The internationalism of “Ethiopia” echoed the bustle of the UNIA, which by 1918 developed a language of diaspora to identify the organization’s work and character through its global political aims and diverse membership. The New York branch alone boasted members from Caribbean, African, and Central American nations, and the myriad cultural tropes within “Ethiopia” mirrored that diversity. Drawn from the mystic and religious imagery of Psalms 68:31, the anthem privileges the Egyptian princes whose deliverance will allow “Ethiopia [to] soon stretch out her hands to God.”8 Through this vision, “Ethiopia” brought to the modern UNIA membership a resonant, biblical perspective on liberation and redemption from the cradle of civilization. This is the history that ordained Black victory and, in the hands of the UNIA, would usher the Black nation into its formative position as global redeemer. The text enforces its use as a nationalist tract by incorporating a call to the race (“Advance, advance”), a common goal (“Let Africa be free”), and a unifying symbol (“the red, the black and the green” of the UNIA flag). The spiritual core of the race in Ethiopia and the symbols of Africa’s reclamation—the flag, the armies—project the “we” that the UNIA hoped would soon be realized.
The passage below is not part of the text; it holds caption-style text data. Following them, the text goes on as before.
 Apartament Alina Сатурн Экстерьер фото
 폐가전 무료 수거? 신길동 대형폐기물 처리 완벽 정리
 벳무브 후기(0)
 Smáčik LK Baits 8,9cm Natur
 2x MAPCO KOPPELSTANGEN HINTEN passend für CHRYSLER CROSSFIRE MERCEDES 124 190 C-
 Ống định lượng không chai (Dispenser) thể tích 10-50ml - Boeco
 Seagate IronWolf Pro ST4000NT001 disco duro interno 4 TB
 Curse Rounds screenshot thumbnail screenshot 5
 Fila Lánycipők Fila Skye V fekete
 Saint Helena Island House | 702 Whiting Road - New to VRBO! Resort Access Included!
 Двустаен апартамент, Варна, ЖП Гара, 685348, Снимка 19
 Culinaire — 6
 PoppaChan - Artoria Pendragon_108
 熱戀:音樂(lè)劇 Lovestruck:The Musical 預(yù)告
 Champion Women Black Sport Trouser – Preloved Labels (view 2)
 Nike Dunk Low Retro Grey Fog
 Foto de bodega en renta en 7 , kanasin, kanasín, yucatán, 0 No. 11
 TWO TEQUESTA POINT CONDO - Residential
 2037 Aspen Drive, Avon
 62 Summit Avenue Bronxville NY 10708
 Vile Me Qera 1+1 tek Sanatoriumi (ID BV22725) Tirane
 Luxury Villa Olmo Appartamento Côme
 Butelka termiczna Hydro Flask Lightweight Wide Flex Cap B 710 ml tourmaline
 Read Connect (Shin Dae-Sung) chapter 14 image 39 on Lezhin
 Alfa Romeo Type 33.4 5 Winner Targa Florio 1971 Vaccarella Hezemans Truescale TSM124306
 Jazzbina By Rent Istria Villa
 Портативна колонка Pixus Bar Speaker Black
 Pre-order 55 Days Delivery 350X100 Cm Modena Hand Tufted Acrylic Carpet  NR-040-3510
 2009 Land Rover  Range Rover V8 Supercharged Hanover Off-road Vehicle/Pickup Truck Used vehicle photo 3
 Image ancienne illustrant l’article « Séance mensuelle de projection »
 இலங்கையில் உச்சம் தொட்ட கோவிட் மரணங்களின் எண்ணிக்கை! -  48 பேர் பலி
The song’s music adds an important layer of meaning to an already compelling and complicated text. The composer was Arnold J. Ford, the man responsible for many of the fantastic productions of the UNIA. Born in Barbados, Ford was a prominent fixture within the culture industry of the organization. A leader within New York City’s Black Jewish circles, former military man, and trained musician, he offered many talents to the organization. Beyond his travels and experiences, his diasporic perspective is evident in his choice of a militant Jamaican missionary tune as the frame for the Exodus narrative within “Ethiopia.”9 Written in B-flat major, the anthem closely follows the notation and harmonic progressions of the Western tradition. Four-part harmony opens the piece with a short quarter measure in common time quickly leading the voices to a IV chord half note on “fathers” in measure 3. All four voices proceed together in harmony until a punctuated accompaniment entrance in measure 17 announces the gender break in measure 18. The men introduce the line, “Advance, Advance to Victory,” while the women join in measure 19. This musical notation has social consequence as the chorus sings men into positions of leadership within the nationalist project while the women follow. This compositional element was not the only signal of gender stratification within the anthem or the larger UNIA. The gender break within the music, however, was a consistently replayed device of difference within a composition that eventually returns to four-part singing with “Let Africa be free,” a communal exclamation highlighting the necessity of a combined effort in the rescue of Africa from the hands of oppressors.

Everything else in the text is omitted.